##### Excerpted records #####

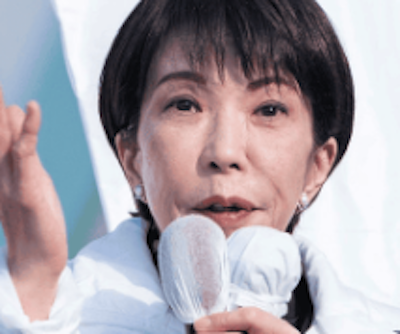 【衝撃】高市早苗首相、NHK『日曜討論』欠席！その代役がガチで凄すぎる…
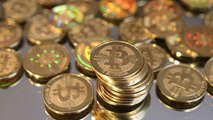 Güney Kore Yasağı Kaldırdı, Bitcoin Yükselişe Geçti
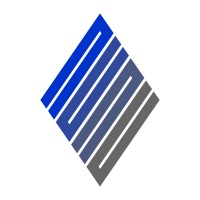 Risk Control Canada logo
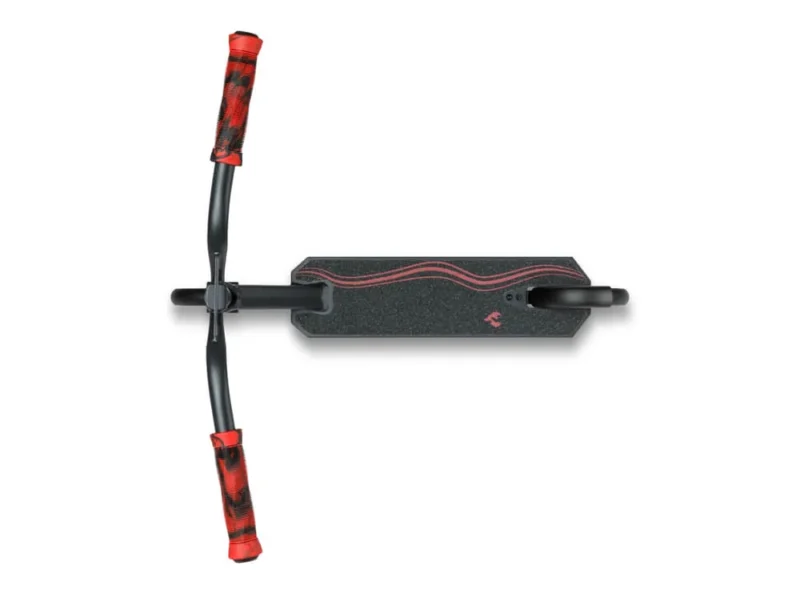 chilli-pro-scooter-wave-track-m-dark-grey-red-5-1 Chilli pro scooter wave track m dark grey red 5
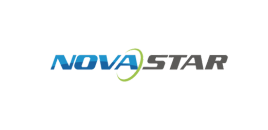 NovaStar
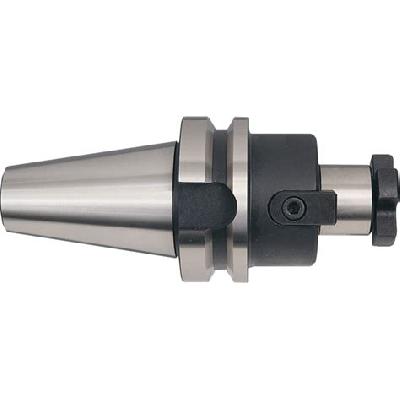 Iso50 32mm Adupter Protech German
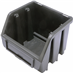 Box skladovací  XS 116 x 112 x 75 mm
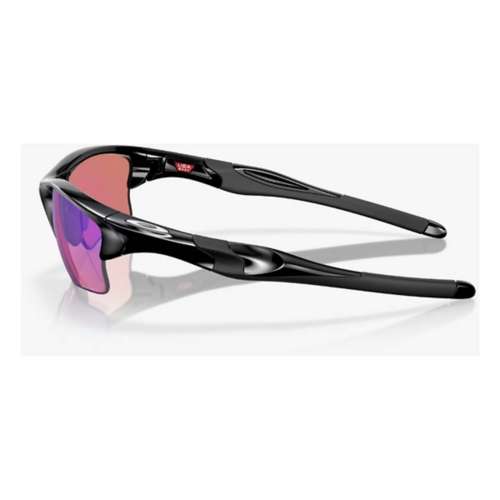 Oakley Half Jacket XL 2.0 Prizm Sunglasses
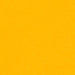 Siser STRIPFLOCK PRO Heat Transfer Material - 15" x 1 Foot - HeatPressNation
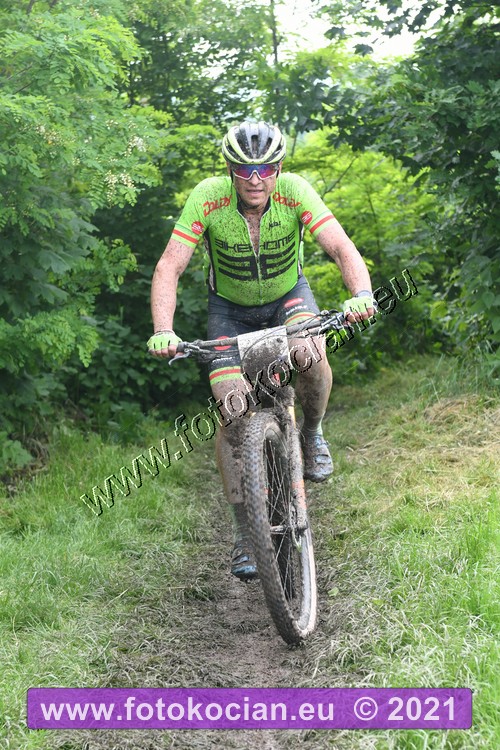 Náhled obrázku: 2021-1809-Zernov-0.JPG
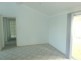 17 Rawson St, Dubbo NSW 2830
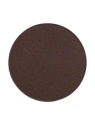 PIERRE RENE Art Palette Match System Kaszmirowy cień do powiek 114 1,3g 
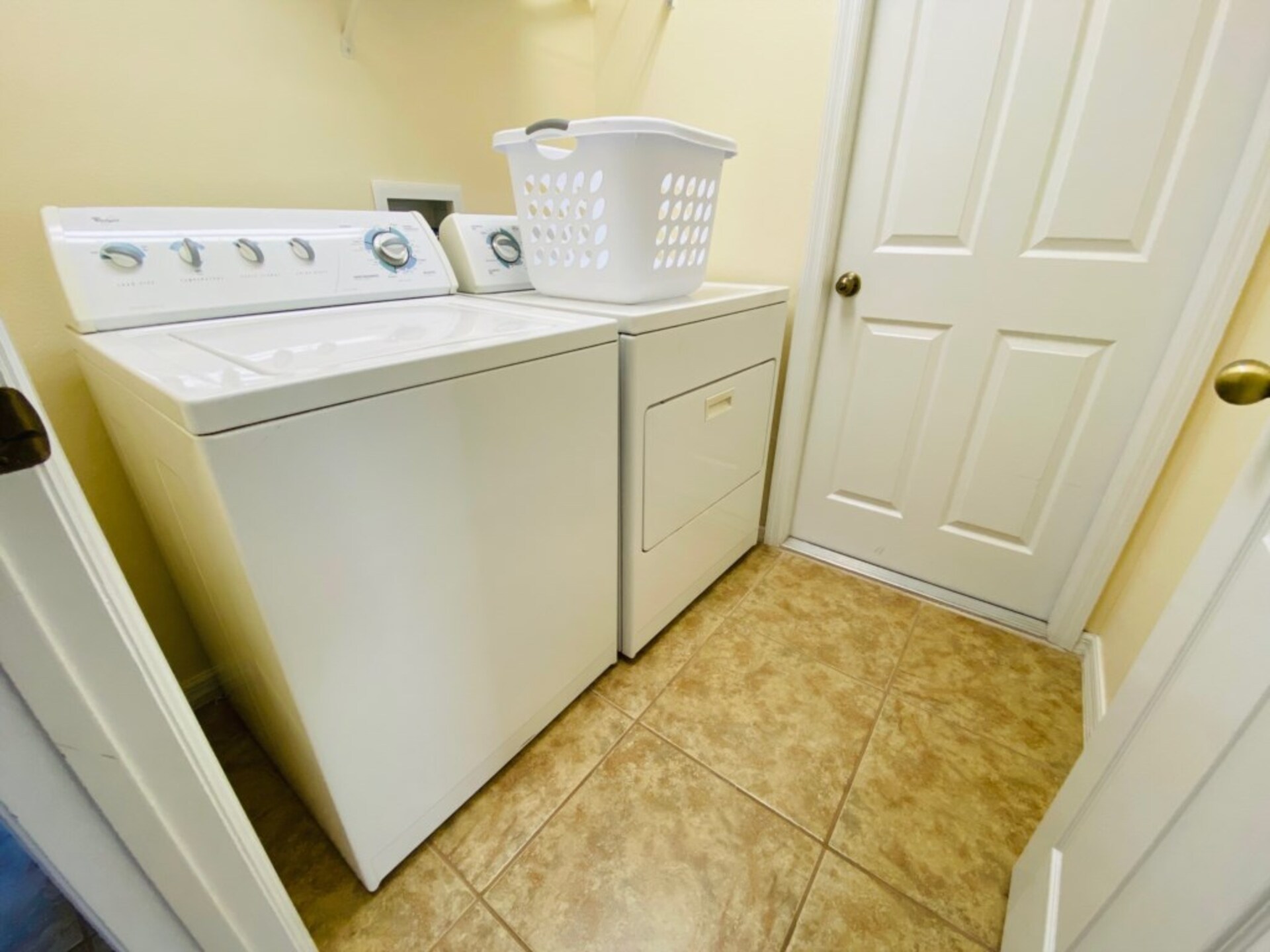 Exclusive Villa in One of Florida most Prestigious Resorts, The Abbey at West Haven, Florida Villa 6090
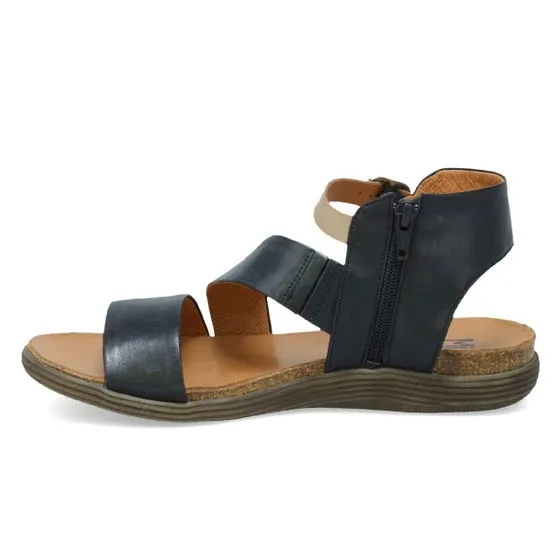 Meadow Sandal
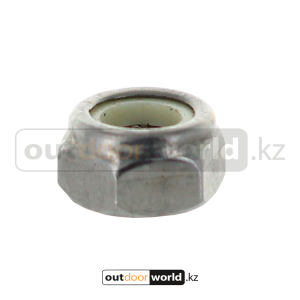 Гайка STOP ELASTIC DIN.985-A2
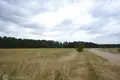 Parcelas 34 300 m² Ilkene, Letonia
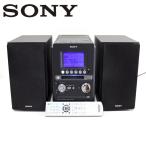 ryoshin-online-shop_cmt-m35wm-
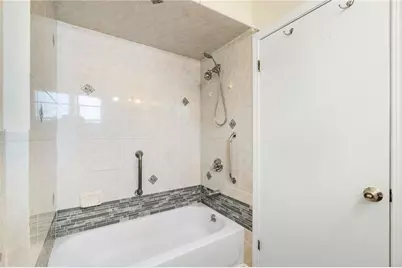 25 Martello Street, East Providence, RI 02914 - Photo 17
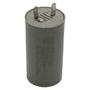 Imagem de Capacitor 42,5uf / 250vac P/ Lavadora Electrolux Lac13 127v Original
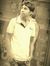 Pragat ...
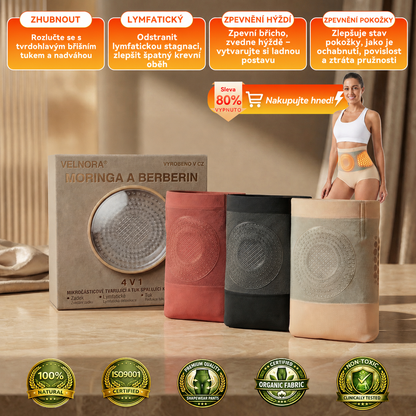 🎉🎁𝐎𝐟𝐢𝐜𝐢á𝐥𝐧í 𝐨𝐛𝐜𝐡𝐨𝐝 𝐳𝐧𝐚č𝐤𝐲 |𝐕𝐄𝐋𝐍𝐎𝐑𝐀® 𝟐𝟎𝟐𝟔 𝑴𝑶𝑹𝑰𝑵𝑮𝑨 𝑨 𝑩𝑬𝑹𝑩𝑬𝑹𝑰𝑵 4𝑽1 𝑴𝑰𝑹𝑶ČÁ𝑺𝑻𝑰𝑪𝑶𝑽É 𝑻𝑽𝑨𝑹𝑨𝑱Í𝑪Í 𝑨 𝑻𝑼𝑲 𝑺𝑷𝑨𝑳𝑼𝑱Í𝑪Í 𝑲𝑹Á𝑻𝑲É 𝑲𝑨𝑳𝑯𝑶𝑻𝒀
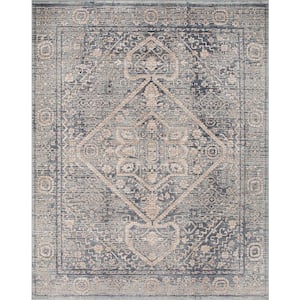 Approximate Rug Size (ft.): 8 X 10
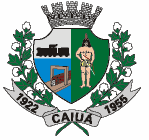 File:Brasão de Caiuá.png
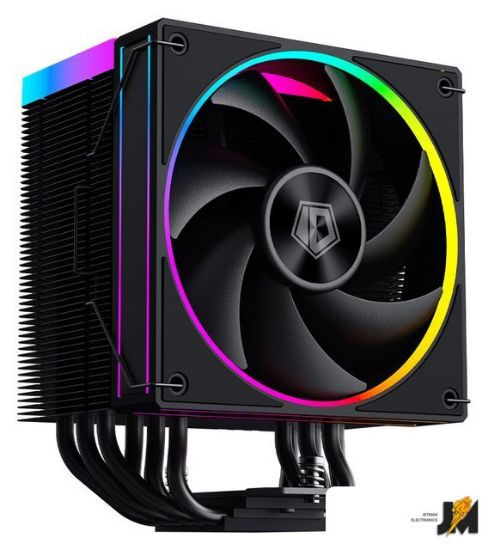 https://ext.dataimgstore.com/content/5/images/3130026/1/76/61/9366176/bI1tZqIwue.jpg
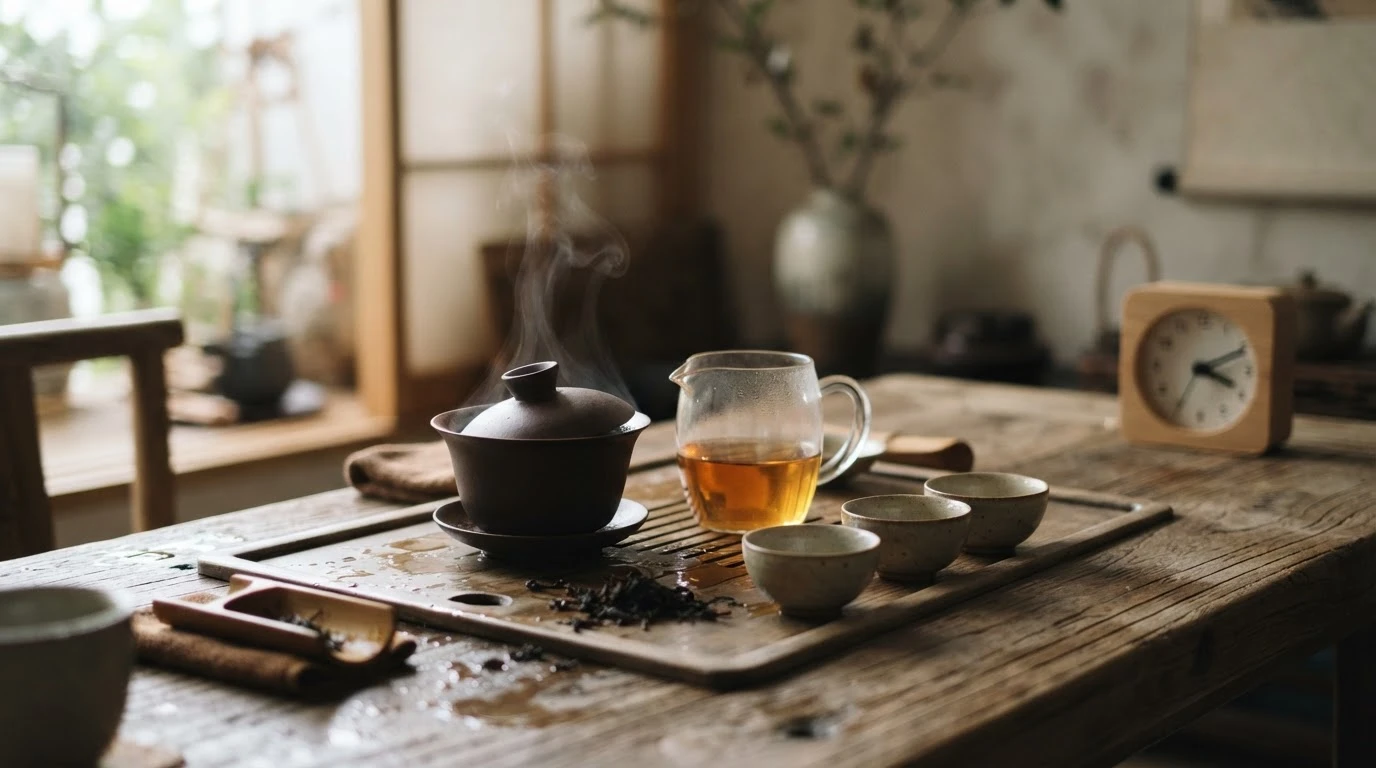 Продолжая предыдущий пост 🍃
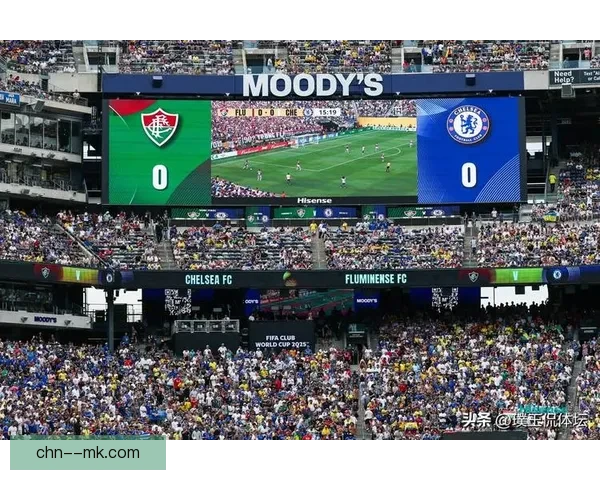 切尔西斥资六千万英镑签下佩德罗内托强化锋线阵容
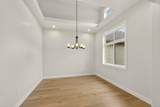 4090 Crystal Springs Drive - Photo 18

#####

#### Task:
Transcribe only this stretch of the data: the line with "Risk Control Canada logo", the line with "17 Rawson St, Dubbo NSW 2830", and every line in between. Leave out the pictures.

#### Task result:
 Risk Control Canada logo
 chilli-pro-scooter-wave-track-m-dark-grey-red-5-1 Chilli pro scooter wave track m dark grey red 5
 NovaStar
 Iso50 32mm Adupter Protech German
 Box skladovací  XS 116 x 112 x 75 mm
 Oakley Half Jacket XL 2.0 Prizm Sunglasses
 Siser STRIPFLOCK PRO Heat Transfer Material - 15" x 1 Foot - HeatPressNation
 Náhled obrázku: 2021-1809-Zernov-0.JPG
 17 Rawson St, Dubbo NSW 2830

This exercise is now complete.